Friday, March 7, 2025

Weekend Screen Scene: Mickey 17

Mickey 17 is director Bong Joon-Ho's first film since 2019's Oscar winning Parasite, and it tackles many of the themes found in that, and in his 2017 film Okja, specifically, capitalism, class, and how we humans treat each other, and other living things, all with the dark humor he's best known for.

Robert Pattinson stars as Mickey Barnes, who, like many people on the Earth of 2054, is desperate to leave, although his reasons center more on getting away from loan sharks than trying to escape a planet that's seen better days. That desperation results in him signing up to be an "expendable" on a space mission to colonize a planet, only realizing too late what this means: that he will be a human guinea pig tasked with the most deadly jobs and horrible experiments that will all lead to inevitable death, again and again. And these things will happen again and again because he will be cloned, with all memories intact, again and again. (That the cloning process essentially involves Mickey coming out of a huge 3D printer over and over is the film's funniest running gag.)

The colonizing mission is led by a Kenneth Marshall, a billionaire who, having failed as a politician, decides to just create his own fiefdom, and his wife, Ylfa, who is obsessed with...sauces. They are played, with much cartoonish villainy, by Mark Ruffalo and Toni Collette, and it's not too hard to see a lot of this country's present leaders in their characterizations.

Mickey's life lives has one bright spot, and it's a girlfriend named Nasha (Naomi Ackie), who seems to view Mickey's multiple incarnations as a kinky asset and not a fault. But their relationship, and Mickey's future, is put to the test after their ship lands on the new planet, and Mickey breaks the one rule about "expendables"...

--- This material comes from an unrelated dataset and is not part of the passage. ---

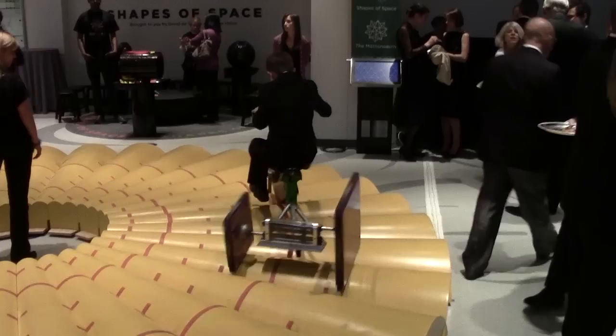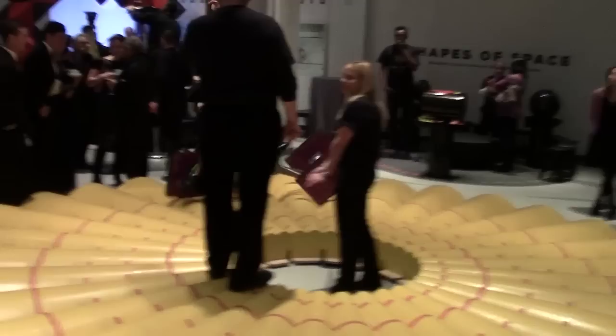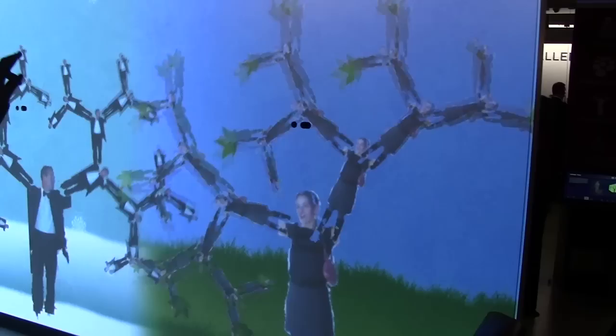Last night was the gala grand opening of the Museum of Mathematics in New York City. I spent much of the past five years developing the mathematical content for MoMath, so I made this quick video to show you some of the cool interactive things.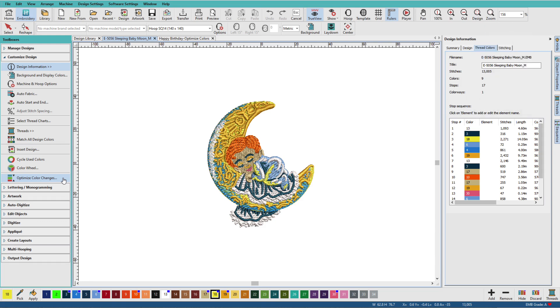Hatch can optimize design colors by reducing color changes to a minimum while maintaining color layers with the Optimize Color Changes tool in the Customize Design Toolbox. This tool does not require selection and it applies to the entire design.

Robert Pattinson's performance, or more accurately, performances, as Mickey, complete with a very weird accent reportedly inspired by Steve Buscemi's voice in Fargo, is the highlight of the movie, and definitely keeps it afloat when it could easily sink under some of its clunkier moments. At times, it drags, especially its climax, which involves an extended confrontation with the native inhabitants of the planet. But Pattinson as the Mickeys, the all too familiar political absurdity that surrounds them, and Bong Joon-Ho's patented black humor, is a welcome reprieve from the actual absurdity of today.